Es wird meistens überraschend krass. Ein Tierquäler sperrt eine Heuschrecke in eine Kakaodose und legt diese ins Feuer: "Ich vernahm Geräusche, während das Etikett des Kakaos verschmorte. Ein verzweifeltes, heftiges Klopfen, das schnell verebbte. Ein Klopfen, das von Entsetzen und Bewusstsein zeugte." In einer Geschichte fühlt sich die umworbene Heldin während des Liebesspiels immer jünger und jünger. "Das Badewasser ist lauwarm, die Seifenstücke haben die Form von Herzen und Erdbeeren. Wie alt bis du? Vierzig. antworte ich. Als Nelson meine Füße berührt, bin ich fünfunddreißig." So geht es immer weiter, bis hin zu: "Mit vierzehn hat man keine Ahnung, wie intensiv sich die Berührung mit Wasser anfühlen kann." Ein Schiffskoch vergiftet die komplette Mannschaft. Hühnerherzen konservieren die Erinnerung an eine sehnsuchtsvolle Liebe. Ausgerechnet ein frisches Brot wird eine Kettenreaktion in Gang setzen, an deren Ende ein junger Typ im Gefängnis landet. Ein verrückter Kurator wird im Anfall von Wahnsinn im Museu de Arte Moderne von Rio de Janeiro ein Feuer legen. "Während des Brands kommt er wieder zu Verstand, und er verzweifelt und bereut seine Tat und begeht ein drittes und ein viertes Verbrechen." Später wird er als beleibter Popcornverkäufer zurückkehren.
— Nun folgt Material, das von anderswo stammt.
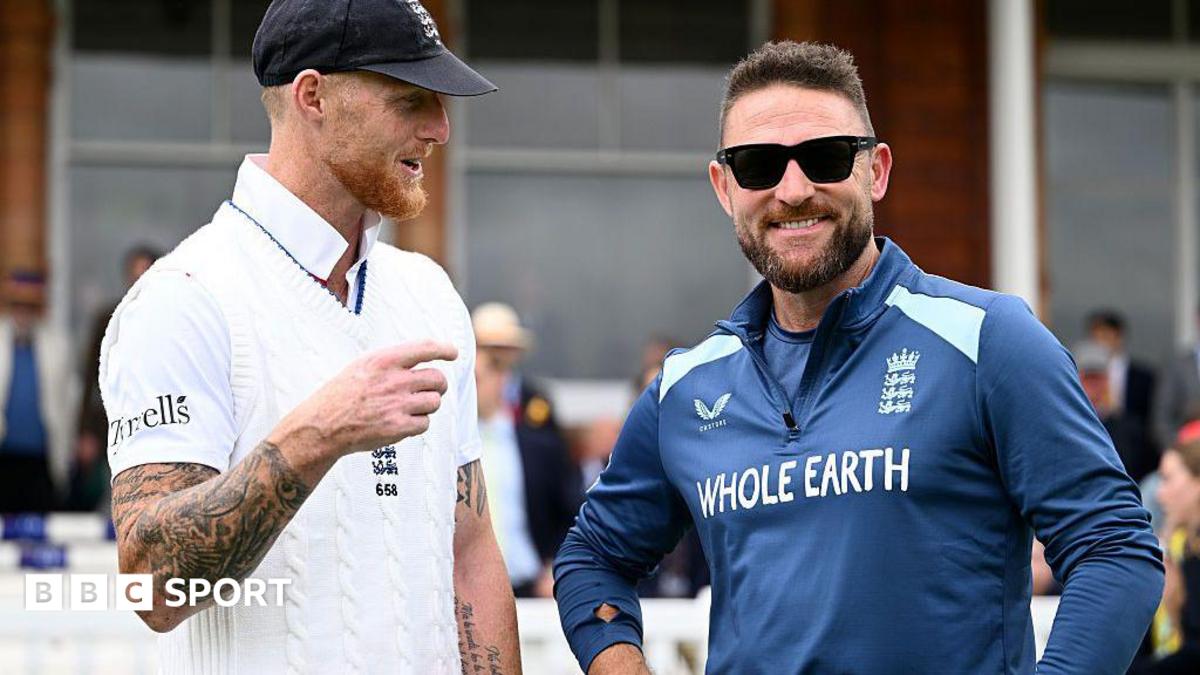 Ben Stokes and Brendon McCullum on England duty, with Stokes in white kit and McCullum, who is wearing sunglasses, in blue training outfit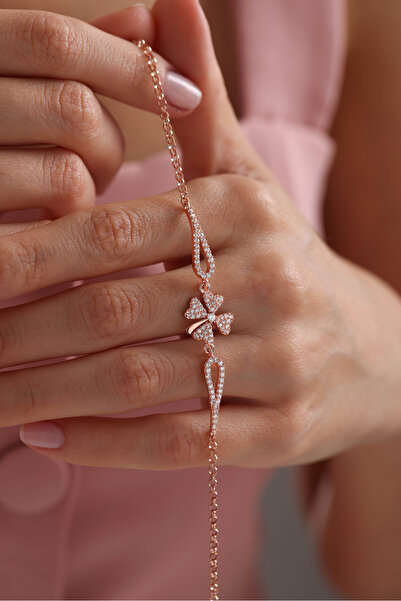 Nereze 925 Ayar Gümüş Rose Kaplama Kelepçe Model Yonca Bileklik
Das Buch ist randvoll mit derartigen Figuren. Es ist in der Tat: "Popcorn unterm Zuckerhut", in allen Varianten, die es an der Copacabana zu kaufen gibt, also herzhaft mit Gewürzmischung, mit Salz, mit Zucker, Karamell oder Honig. Man sollte zu jeder Story wenigstens ein kleines Glas Wasser trinken. Das hilft.

Timo Berger (Hg.): "Popcorn unterm Zuckerhut - Junge brasilianische Literatur", Wagenbach, 146 Seiten, 9,90 Euro.

Die Querverweise

Gefressen wurde in der Literatur schon immer. In Heinrich Wittenwilers "Der Ring" artet eine spätmittelalterliche Bauernhochzeit aus. Thomas Manns "Buddenbrooks" verzehren kiloweise Franzbrötchen mit Taube. Günter Grass ("Die Blechtrommel") ist ohne Mahlzeiten undenkbar. Wer es weniger hochliterarisch mag: Werner Köhlers Restaurantroman "Cookys", die sehr clevere, auf unterhaltsame Weise sprachwissenschaftlich orientierte Geschichte "Die besondere Traurigkeit von Zitronenkuchen", Stevan Pauls "Schlaraffenland"und das sinnlich-exotische "Feine Kost" machen "Hunger" auf mehr.

 

Die Updates

Geisterstunde: Am Samstag, 4. Mai findet von 16-24 Uhr die 9. Unterhachinger Lesenacht statt. Absolutes Highlight sind die beiden Lesungen von Jonas Lüscher, dessen Debütnovelle "Frühling der Barbaren" zum schlichtweg Besten gehört, was im Frühjahr 2013 erschienen ist.

Schlagerliteratur: Autor und Sänger Jens Friebe ("Lawinenhund") hat vor ein paar Jahren mit seinen beiden Fassungen von "52 Wochenenden" bei KiWi und im Verbrecher Verlag für Aufsehen gesorgt. Im Octopus-Magazin spricht er über Protestsongs, Gastbeiträge in der FAZ und Sven Regener.

Filmgedichte: Als Suhrkamp vor einiger Zeit eine DVD-Reihe auflegte, gehörte die Thomas-Brasch-Box zu den aufregenden Entdeckungen. Der 2001 früh verstorbene Lyriker begeisterte mit schroff erzählten Geschichten wie "Engel aus Eisen" und "Mercedes”. Der filmclub münster zeigt ab 6. Mai fünf Brasch-Geschichten.